Persuasion’s Yascha Mounk recently interviewed Rachel Kleinfeld, a senior fellow at the Carnegie Endowment for International Peace.
Kleinfeld’s response to a question about interpreting the midterm results, and whether those results showed a rejection of extremism and election denialism, was–in my opinion–an important summary of just where we Americans find ourselves politically, and although it was rather lengthy, I’m quoting it in its entirety:
The election showed that with a gigantic amount of work on behalf of many, many organizations, you can move a tiny percentage of independent and right-leaning swing voters away from election denialism and real authoritarianism in swing states. That mattered a lot, because it means that the 2024 election will be free and fair. But what it didn’t do was fundamentally shift the dynamics in the Republican Party.
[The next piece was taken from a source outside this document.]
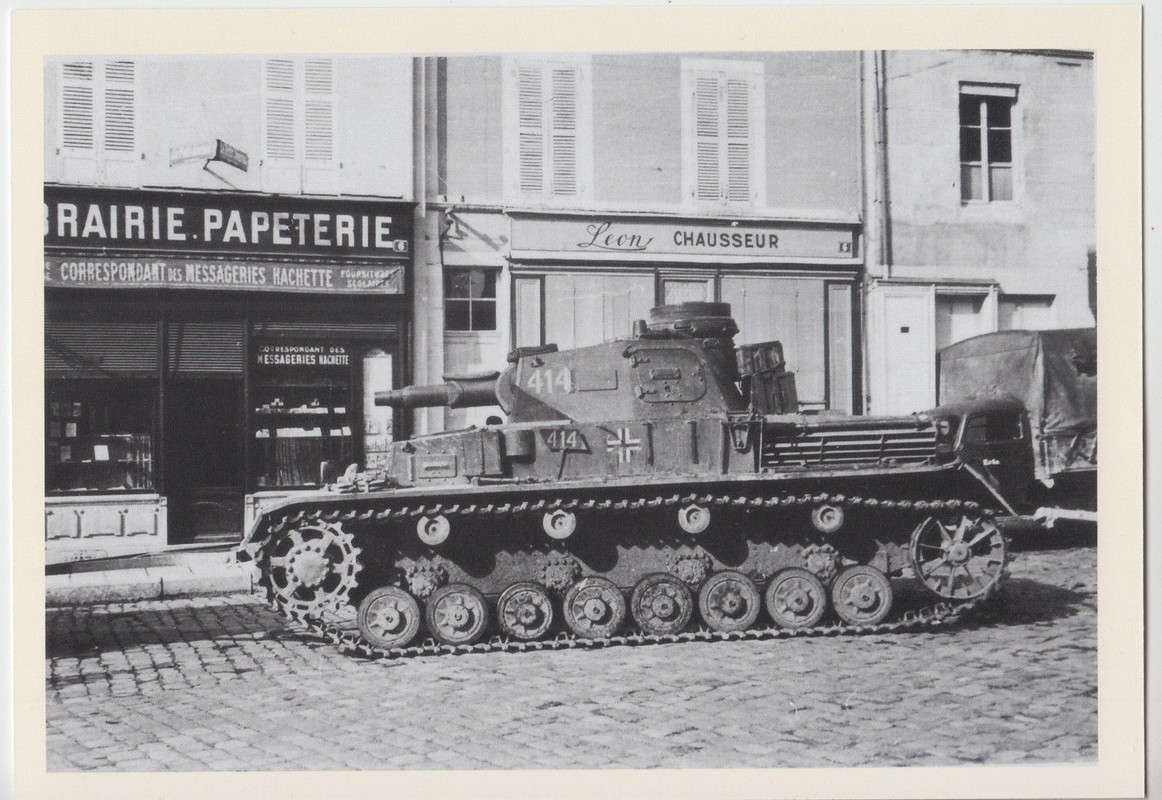 Wehrmacht Panzer IV Straßenkampf Frankreich 1940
While Trump might be losing steam, Trumpism, Christian nationalism, othering people to build your base with wink-and-nod authoritarianism, is still alive and well. We’re seeing DeSantis do it. We’re seeing other front runners do it. We saw candidate intimidation. We still saw election deniers win in deep red states. We have about 16 states now where there’s trifectas—a state in which the governor, the attorney general and both chambers of the legislature (basically all of your major executive roles that would control elections) are all of one party. In about 15, maybe 16 states, those are all Republican and a number of election deniers were elected to those positions. It’s worth remembering that the Jim Crow South was only 11 states, really, in its full form of election suppression against African Americans and poor whites. It doesn’t take the entire United States to have an authoritarian enclave somewhere. The role of the RNC in Arizona was notable. Arizona is really the only place we saw any kind of election violence, with the supervisor of Maricopa County elections going into hiding. An RNC phone call seems to suggest that the Republican National Committee was possibly threatening that the mob would be released if certain things didn’t happen.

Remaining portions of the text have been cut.